Multiplication or division

Suppose in the measured values to be multiplied or divided, the least number of significant digits be \(n\), then in the product or quotient, the number of significant digits should also be \(n\). e.g. \(1.2 \times 36.72=44.064 \approx 44\)
The least number of significant digits in the measured values are two. Hence, the result when rounded off to two significant digits become 44 . Therefore, the answer is 44.
Similarly, e.g. \(\frac{1100}{10.2}=107.8431373 \approx 110\)
As 1100 has minimum number of significant figures (i.e. 2), therefore the result should also contain only two significant digits. Hence, the result when rounded off to two significant digits becomes 110.

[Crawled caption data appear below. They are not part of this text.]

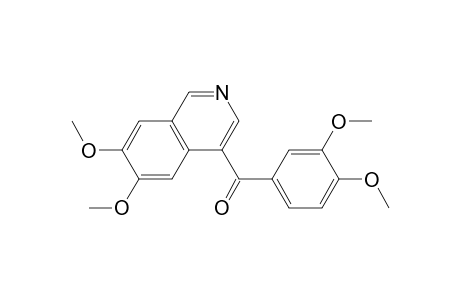 (6,7-dimethoxy-4-isoquinolinyl)-(3,4-dimethoxyphenyl)methanone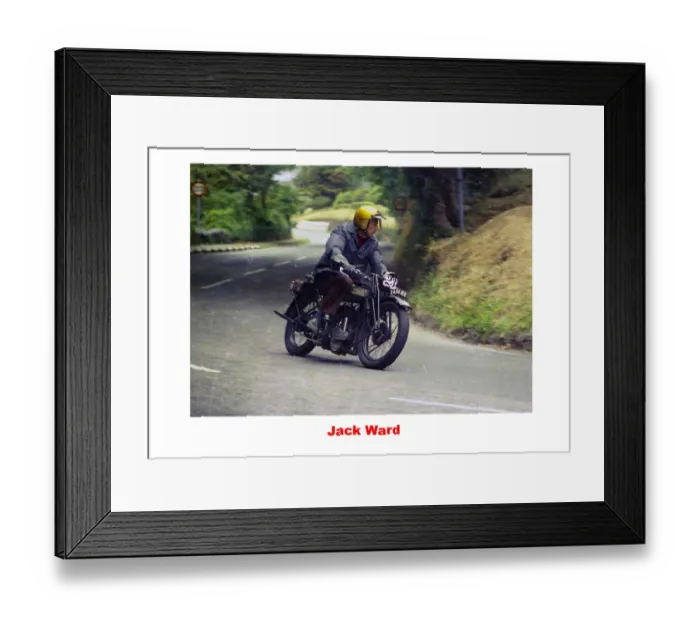 Framed Print : Jack Ward at Ramsey Hairpin Framed Print : Jack Ward at Ramsey Hairpin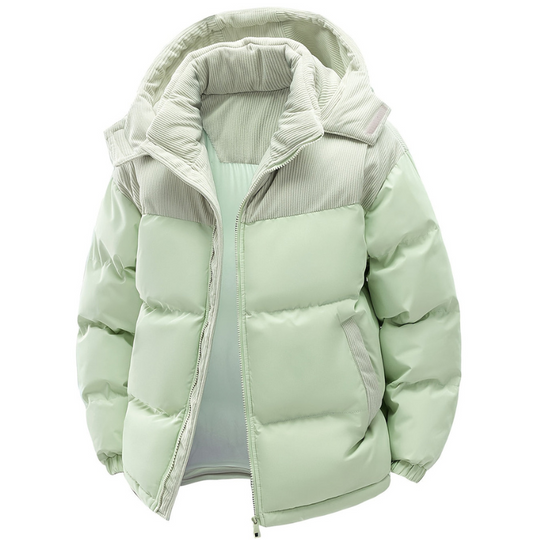 Mason - Klassieke Gewatteerde Corduroy Winterjas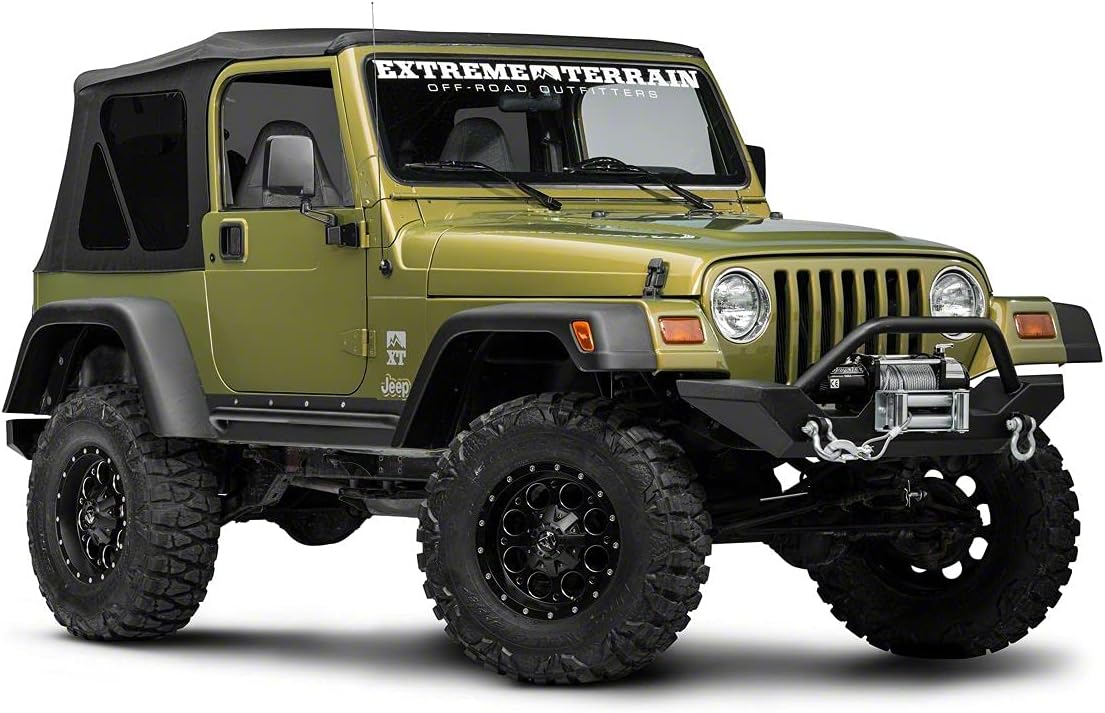 Rocker Guards with Steps Compatible with 97-06 Jeep Wrangler TJ Z351237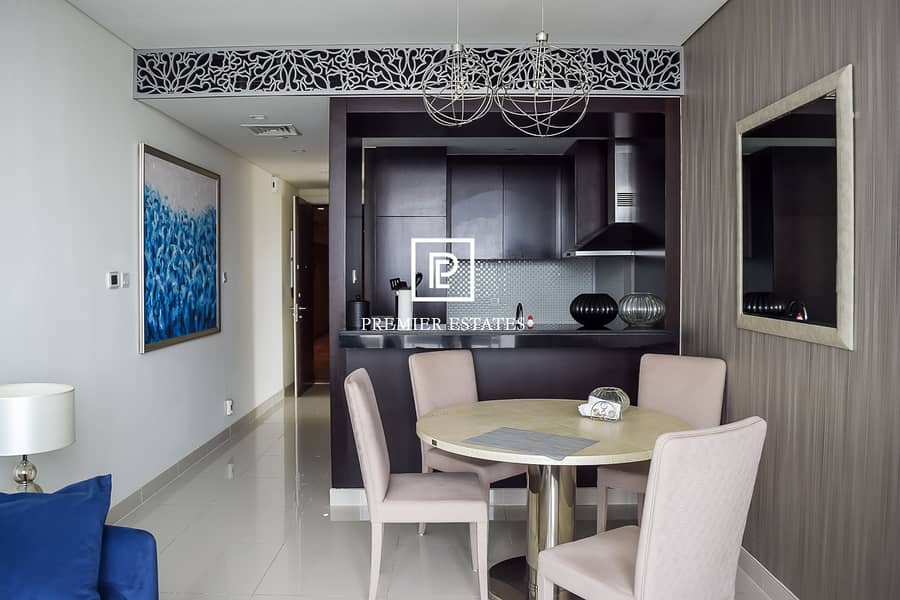 3 Fully Furnished 2BR|Panoramic Burj Khalifa and Bay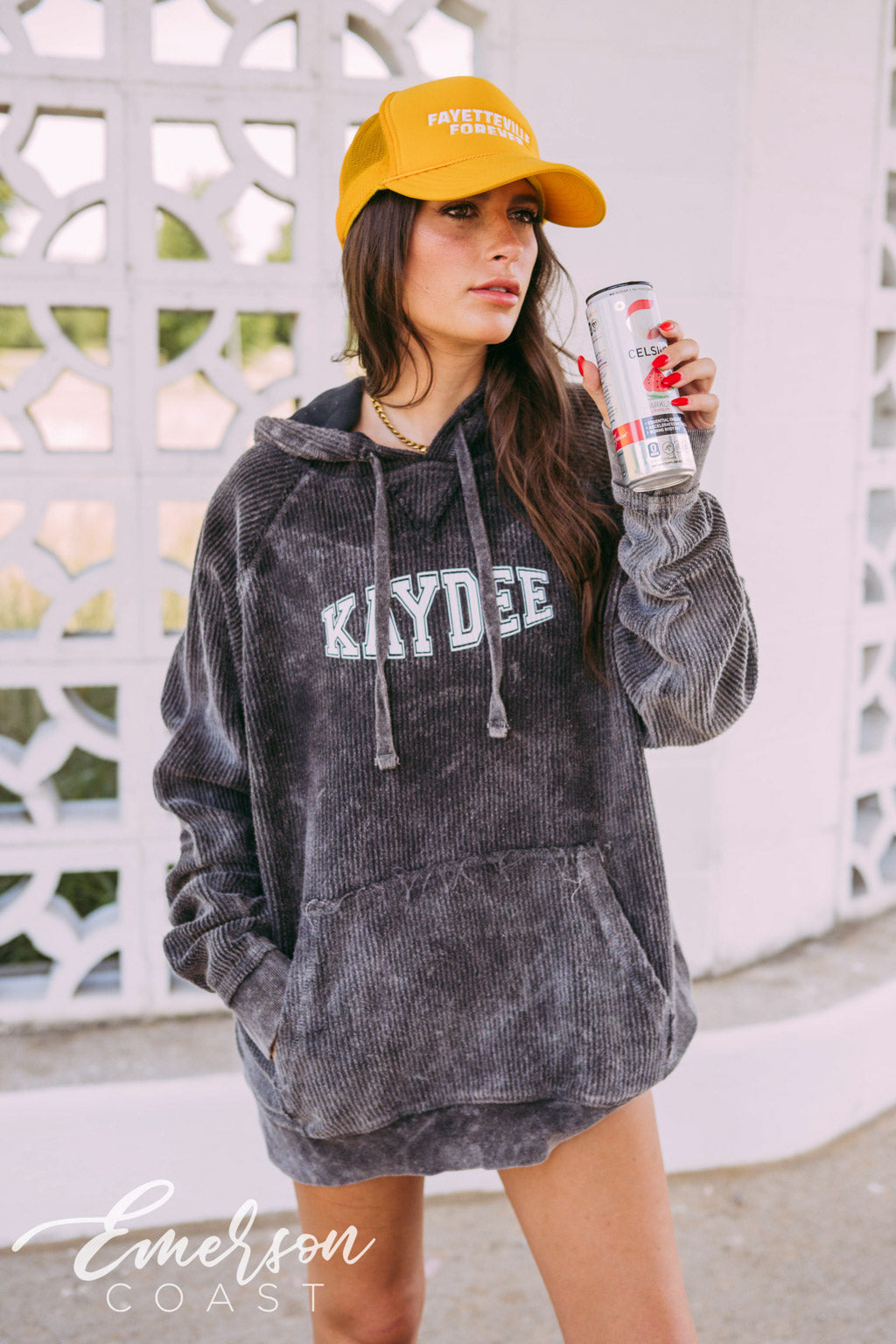 Kappa Delta Varsity Corduroy Hoodie
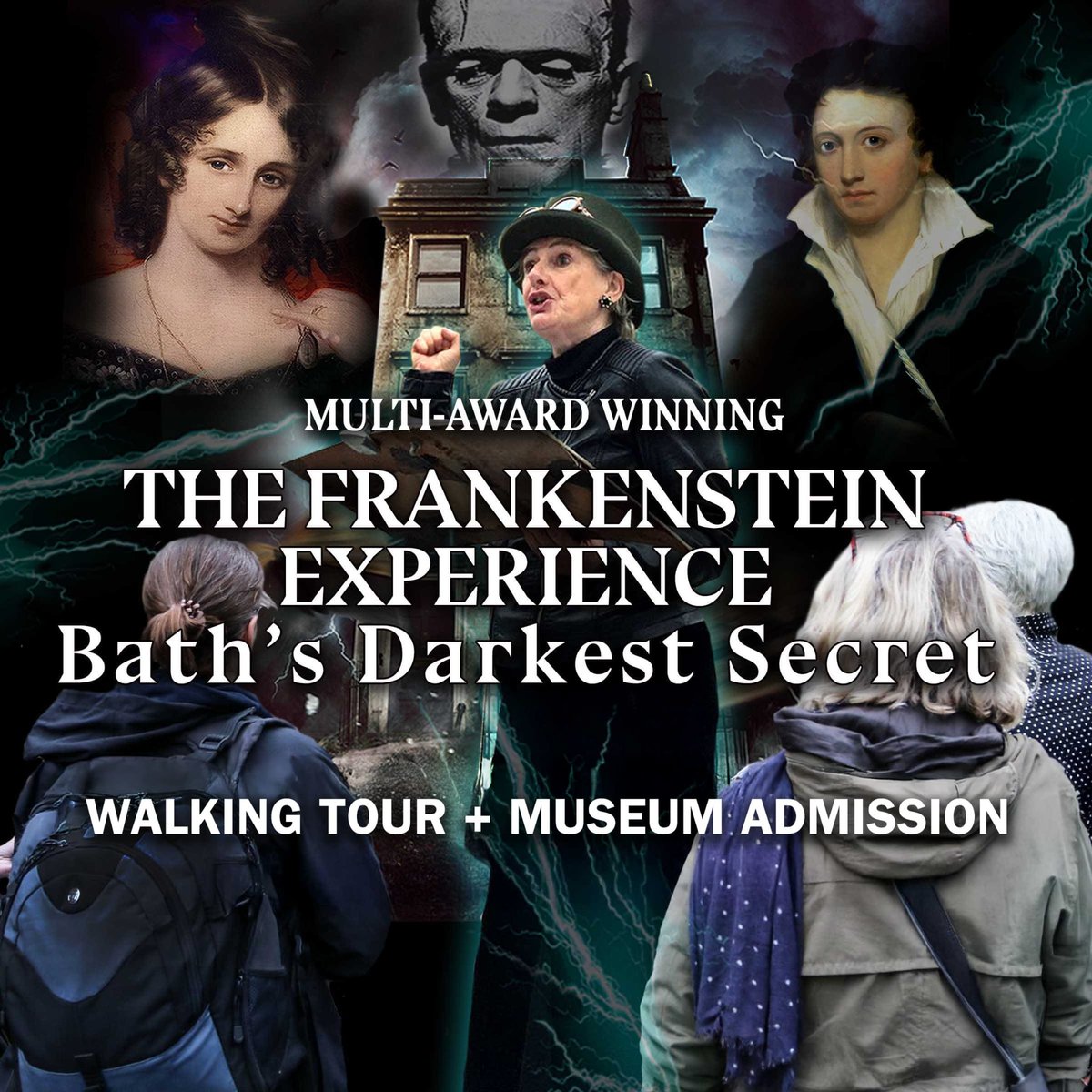Show of Strength Theatre Company are running the Frankenstein Experience in Bath this December. Includes a one-hour walking tour and entry to Mary Shelley's House of Frankenstein. Perfect for Gothmas backstagebristol.com/alt-christmas-…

Example 4: The voltage across a lamp is 6.32 V when the current passing through it is 3.4 A. Find the power consumed upto appropriate significant figures.

Solution: Voltage across a lamp, \(V=6.32 \mathrm{~V}\) (3 significant figures) Current flowing through lamp, \(I=3.4 \mathrm{~A}\) (2 significant figures)
∴ Power consumed, \(P=V I=(6.32)(3.4)=21.488 \mathrm{~W}\)
Answer should have minimum number of significant figures. Here, the minimum number of significant figures is 2.
∴ Power consumed \(=21 \mathrm{~W}\)

Example 5: A thin wire has a length of 21.7 cm and radius 0.46 mm . Calculate the volume of the wire upto correct significant figures.

Solution: Given, \(l=21.7 \mathrm{~cm}, r=0.46 \mathrm{~mm}=0.046 \mathrm{~cm}\)
Volume of wire, \(V=\pi r^2 l=\frac{22}{7}(0.046)^2(21.7)\)
\(
=0.1443 \mathrm{~cm}^3 \simeq 0.14 \mathrm{~cm}^3
\)

Example 6: The time taken by a pendulum to complete 25 vibrations is 88.0 s. Find the time period of the pendulum in seconds upto appropriate significant figures.

Solution:
\(
\begin{aligned}
\text { Time period of oscillation } & =\frac{\text { Total time taken }}{\text { Number of oscillations }} \\
& =\frac{88.0}{25} \mathrm{~s}=3.52 \mathrm{~s}
\end{aligned}
\)
Out of the two quantities given in the data, 25 is exact, hence has infinite significant figures. Therefore, the answer should be reported to three significant figures, i.e. 3.52 s.

Example 7: 5.74 g of substance occupies \(1.2 \mathrm{~cm}^3\). Express its density by keeping the significant figures in view.

Solution: Here, mass, \(m=5.74 \mathrm{~g}\), volume, \(V=1.2 \mathrm{~cm}^3\) As density, \(\quad \rho=\frac{\text { mass }}{\text { volume }}=\frac{5.74 \mathrm{~g}}{1.2 \mathrm{~cm}^3}=4.783 \mathrm{~g} \mathrm{~cm}^{-3}\)
As mass has 3 significant digits and volume has 2 significant digits, therefore as per rule, density will have only two significant digits, rounding off, we get \(\rho=4.8 \mathrm{gcm}^{-3}\).